For $\alpha\in(0^\circ;90^\circ)$ simplify $E=\frac{\sin^2\alpha}{\sin\alpha-\cos\alpha}-\frac{\sin\alpha+\cos\alpha}{\tan^2\alpha-1}$

Question

For $\alpha\in(0^\circ;90^\circ)$ simplify $E=\dfrac{\sin^2\alpha}{\sin\alpha-\cos\alpha}-\dfrac{\sin\alpha+\cos\alpha}{\tan^2\alpha-1}.$

My try: $E=\dfrac{\sin^2\alpha}{\sin\alpha-\cos\alpha}-\dfrac{\sin\alpha+\cos\alpha}{\dfrac{\sin^2\alpha-\cos^2\alpha}{\cos^2\alpha}}=\dfrac{\sin^2\alpha}{\sin\alpha-\cos\alpha}-\dfrac{\sin\alpha\cdot\cos^2\alpha+\cos^3\alpha}{\sin^2\alpha-\cos^2\alpha}.$ Is there a better approach?
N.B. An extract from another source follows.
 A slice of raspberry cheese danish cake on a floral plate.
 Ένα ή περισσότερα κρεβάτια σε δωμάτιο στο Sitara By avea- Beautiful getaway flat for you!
Thank you in advance!

Answer 1

$$\dfrac{\sin^2\alpha}{\sin\alpha-\cos\alpha}-\dfrac{\sin\alpha+\cos\alpha}{\tan^2\alpha-1}=\dfrac{\sin^2\alpha}{\sin\alpha-\cos\alpha}-\dfrac{\cos^2\alpha(\sin\alpha+\cos\alpha)}{\sin^2\alpha-\cos^2\alpha}=$$ $$=\dfrac{\sin^2\alpha}{\sin\alpha-\cos\alpha}-\dfrac{\cos^2\alpha}{\sin\alpha-\cos\alpha}=\sin\alpha+\cos\alpha.$$